I've read the bug page which is interesting but while the drive is multiboot it only boots it is a LINUX system only and was created as a LINUX system. The standard choices of LINUX, floppy, and Failsafe are the only boot choices. The bug page says: "The problem occurs if 1.the BIOS and Linux "see" different disk geometries AND 2.the Windows partition is larger than about 8 GB (more precisely: if the first hard disk partition ends on cylinder 1024 or beyond this point). [The first partition is the /boot filesystem and is 250 MB. When the system is booted, Windows may use the values in the partition table, which causes a failure. Currently, this problem also occurs on other Linux distributions using kernel 2.6." Still my system meets the first criteria, seeing different geometries. I did set the disk BIOS to LBA and still received the error. This disk is a near to production setup and I'm rightly concerned not to trash it by making partition table changes.

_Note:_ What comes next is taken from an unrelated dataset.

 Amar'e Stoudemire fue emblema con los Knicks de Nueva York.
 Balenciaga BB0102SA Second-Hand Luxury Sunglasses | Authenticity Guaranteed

Further, I have been using Partition Commander(PC) to copy as checkpoints during this process. Each drive image takes 5 hours, slowing the integration process. PC appears to me to be a mostly Windows oriented product. That may imply when partition copies are made they follow some yet undiscovered aspect of Windows partitioning practices. Wait. Since my last check point has the same problem and the current drive is working just fine, I could use that last check point to test this parted fix. Bad parted, bad!
[ prior discussions omitted ]
Be sure also to read this page:
http://portal.suse.com/sdb/en/2004/05/fhassel_windows_not_booting91.html
Basically, there is a bug in the GNU parted that comes with SuSE 9.1 that may cause problems if you are doing multi-boot on the same disk with SuSE and Windows.